With the fast development of deep learning methods comes the need for large amounts of accurately annotated data. In order to train the proposed neural networks, most prior work collects their own sets of images and manually label the structure of interest in them. Such a strategy has several shortcomings. First, due to the tedious process of manually labeling and verifying all the structure instances (e.g., line segments) in each image, existing datasets typically have limited sizes and scene diversity. And the annotations may also contain errors. Second, since each study primarily focuses on one type of structure, none of these datasets has multiple types of structure labeled. As a result, existing methods are unable to exploit relations between different types of structure (e.g., lines and planes) as humans do for effective, efficient, and robust 3D reconstruction.
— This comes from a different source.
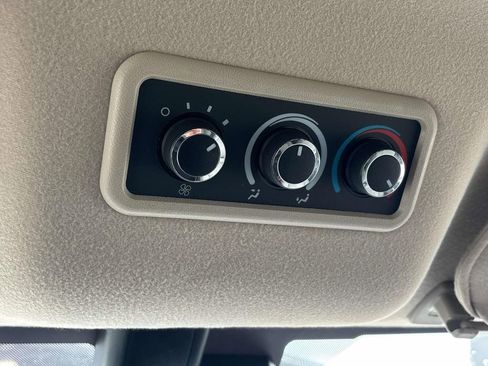 Used 2022 Chevrolet Express 3500 LT w/ LT Preferred Equipment Group image 24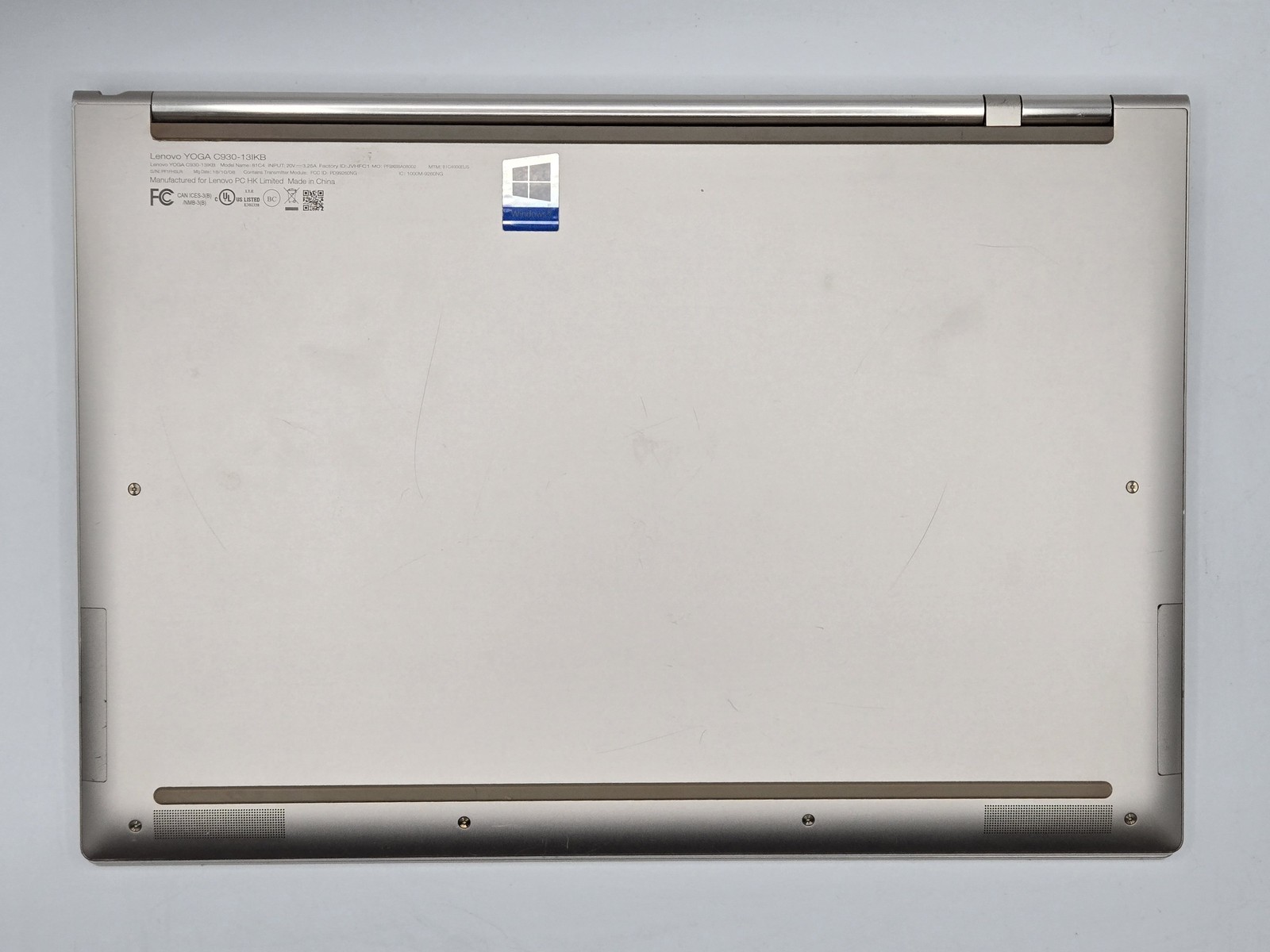 Lenovo Lenovo Yoga C930-13IKB 2-in-1 14″ Touch I7-8550U 16GB Palmrest *READ*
In this paper, we present a large synthetic dataset with rich annotations of 3D structure and photo-realistic 2D renderings of indoor man-made environments (Fig. ). At the core of our dataset design is a unified representation of 3D structure which enables us to efficiently capture multiple types of 3D structure in the scene. Specifically, the proposed representation considers any structure as relationship among geometric primitives. For example, a “wireframe” structure encodes the incidence and intersection relationship between line segments, whereas a “cuboid” structure encodes the rotational and reflective symmetry relationship among its planar faces. With our “primitive + relationship” representation, one can easily derive the ground truth annotations for a wide variety of semi-global and global structures (e.g., lines, wireframes, planes, regular shapes, floorplans, and room layouts), and also exploit their relations in future data-driven approaches (e.g., the wireframe formed by intersecting planar surfaces in the scene).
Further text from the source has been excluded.